Neural populations in human posteromedial cortex display opposing responses during memory and numerical processing

Abstract

Our understanding of the human default mode network derives primarily from neuroimaging data but its electrophysiological correlates remain largely unexplored. To address this limitation, we recorded intracranially from the human posteromedial cortex (PMC), a core structure of the default mode network, during various conditions of internally directed (e.g., autobiographical memory) as opposed to externally directed focus (e.g., arithmetic calculation).

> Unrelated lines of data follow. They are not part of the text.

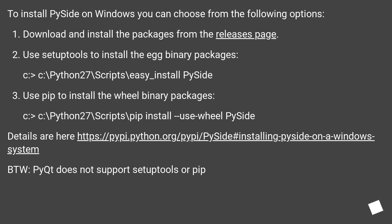Use setup tools to install the egg binary packages. C:\Python27\Scripts\easy_install PySide.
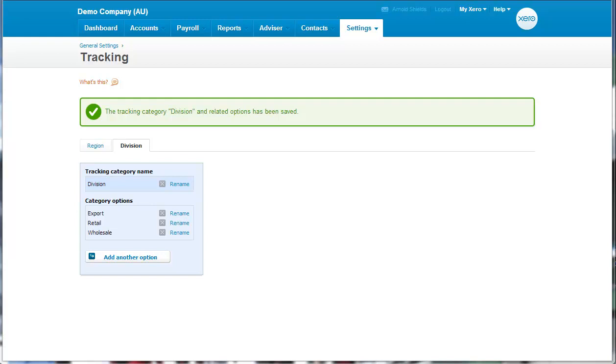And this means you need to attach a tracking code to each relevant transaction. And for this reason, I wouldn't have too many tracking categories because it makes the process of entering transactions that little bit more time consuming. And you can automate part of the tracking of entering tracking codes by using rules.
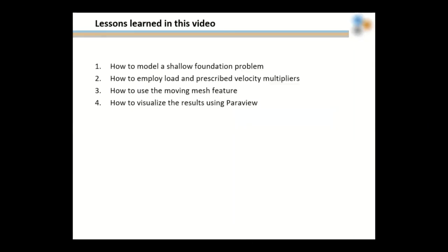Finally, the lessons learned in this video. We learned how to model a shallow foundation problem and we also used load and prescribed velocity multipliers. We also learned how to use the moving mesh feature and we visualized the results using ParaView. Thank you very much for your kind attention.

We observed late-onset (>400 ms) increases in broad high γ-power (70-180 Hz) within PMC subregions during memory retrieval. High γ-power was significantly reduced or absent when subjects retrieved self-referential semantic memories or responded to self-judgment statements, respectively. Conversely, a significant deactivation of high γ-power was observed during arithmetic calculation, the duration of which correlated with reaction time at the signal-trial level. Strikingly, at each recording site, the magnitude of activation during episodic autobiographical memory retrieval predicted the degree of suppression during arithmetic calculation. These findings provide important anatomical and temporal details-at the neural population level-of PMC engagement during autobiographical memory retrieval and address how the same populations are actively suppressed during tasks, such as numerical processing, which require externally directed attention.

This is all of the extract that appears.